The BIOS exported a bogus _PSV of 50C.
Linux polled the thermal zone and dutifully throttled the
processor when it hit 50C, severely impacting
performance under normal use.

Why did windows not run into this problem?
Because Windows doesn't poll, and thus never
exposed a very obvious BIOS bug.

If Linux polls, it exposes itself to an area
of BIOS and EC which was NOT VALIDATED ON WINDOWS.

Whelp, the reality today is that in the horizontal PC
computer industry, if it isn't validated on Windows,
it isn't validated at all.

So the stated goal of the Linux/ACPI sub-system is to
take the pragmatic course of making systems work
by attempting to exercise the validated paths through
their BIOS/EC/firmware rather than the non-validated paths.
However, any other strategy would be wildly impractical.

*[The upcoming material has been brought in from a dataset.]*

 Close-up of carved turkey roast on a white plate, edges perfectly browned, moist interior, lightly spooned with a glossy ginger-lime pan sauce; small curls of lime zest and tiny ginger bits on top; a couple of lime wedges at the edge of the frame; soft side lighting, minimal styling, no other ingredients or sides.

That is why Linux must NOT enable
polling by default on any system which hasn't
been validated to handle it properly.

So I'll be delighted to accept a patch that recognizes
a broken machine via DMI and invokes a workaround --
-- as long as it doesn't hurt other instances of
the same machine that do not have the problem.
The workaround must not be deployed for all machines --
even if the profile where it is applied seems narrow,
it would apply to thousands of models.

Re: making Linux smarter about thermals.
I agree with this desire, and we implemented the generic thermal I/F
was  explicitly to help out with this.
It applies to both ACPI and non-ACPI systems.
However, you must realize that on the population of
ACPI systems in the marketplace, there are some
significant practical constraints on the ability of the OS
to do something other than what ACPI intends.

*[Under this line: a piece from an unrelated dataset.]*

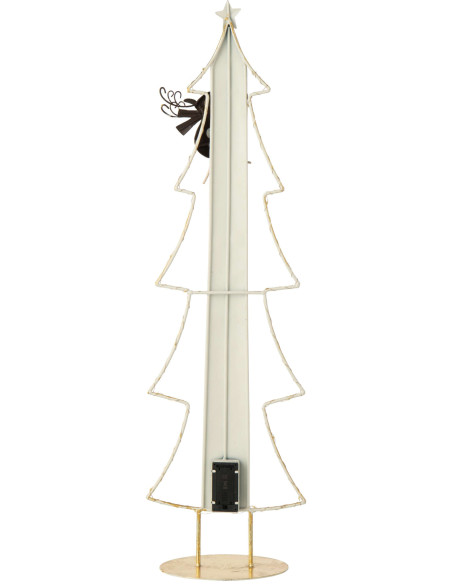 Calendrier de l’Avent LED sapin blanc doré en métal 23x12x78,5 cm Tjerout J-Line - 2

In particular, the ACPI BIOS owns the trip points --
Linux does not.  The ACPI EC decides if and when
to send an event to the OS.  If we change what
Linux thinks is a trip point, that doesn't mean
that the EC will send us an event when the temperature
crosses it.  Further, the ACPI BIOS has the right to re-define
trip points at run time, and to implement hysteresis it often does this.
On some machines the EC will send us interesting
temperature change events, and on some machines it will not.
ie. the phantom _PSV scheme may work on some systems
and not on others -- it would require polling to make sure
we notice the temperature change;
but polling is itself problematic per above.

Martin,

> The system works okay in Windows.

Can you figure out what it is doing?
Are there any Dell or platforms specific drivers present?
Is it throttling the processor when it gets hot?

Please attach the output from this command when the machine is warm:
grep . /sys/firmware/acpi/interrupts/*
It will show us which GPEs are firing and perhaps give some insight
into a DSDT which is apparently full of SMI abuse.